The study assesses the potential of combining xanthan gum and locust bean gum to create controlled-release hydrogels and also examines how compressing the polysaccharide blends affects their behavior. The research involved evaluating the rheological properties of aqueous dispersion of these gums and their mixtures using a rotational rheometer. Xanthan gum displayed a pseudoplastic Bingham behavior, while locust bean gum exhibited lower viscosity and shear thinning behavior. Gum blends showed an intermediate behavior with varying yield shear stress based on the gum proportions in the mixture. The flow index (n) and the consistency index (K) were calculated using the Power Law model (Ostwald de Waele relationship). The values of n are between 0.6 (Xanthan gum) and 0.1 (locust bean gum), with the blends showing intermediate values. These values are characteristic of shear-thinning systems and show a higher deviation of Xanthan gum from Newtonian behavior than LBG. Additionally, the k values indicate higher consistency for the Xanthan dispersions and similar behavior for the mixtures of the two polysaccharides, regardless of their proportion.

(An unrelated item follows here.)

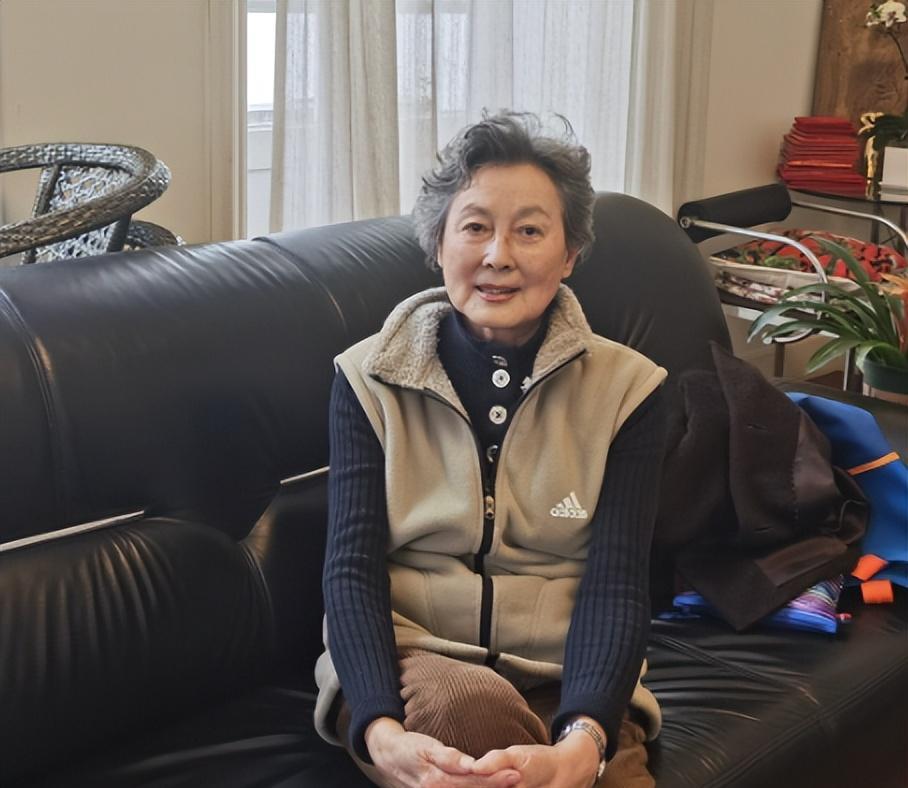 演员向梅：83岁退休后生活悲凉，背后真相曝光，才知道风光后的痛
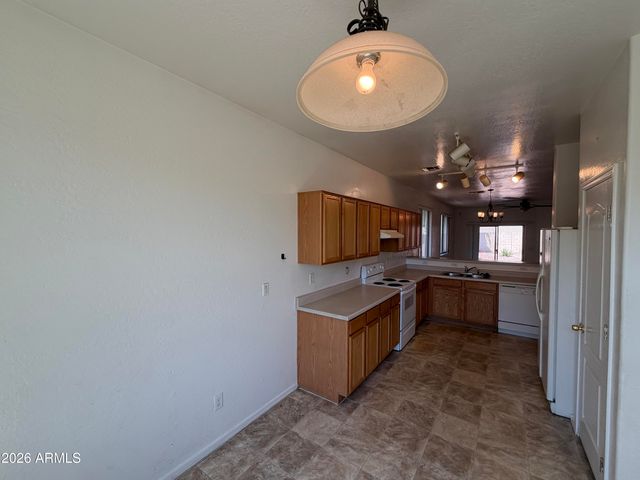 6926 S 37TH Glen, Phoenix, AZ 85041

Precompression at 433.6 MPa for 5 min reduced the dispersion viscosity of xanthan gum by 50% at a shear rate of 2s−1, decreasing it from 70 Pa s to 34 Pa s, while having a minimal impact on the rheological behavior of locust bean gum, which changed from 0.18 Pa s to 0.23 Pa s at a shear rate of 2s−1. Temperature also decreased the xanthan gum dispersion viscosity. Oscillatory rheology tests highlighted differences between xanthan gum and locust bean gum dispersions. Xanthan gum formed a durable three-dimensional network with bonds, while locust bean gum exhibited a network with a shorter shelf life. Precompression significantly altered the rheological behavior of the gum blends, increasing the storage and loss moduli.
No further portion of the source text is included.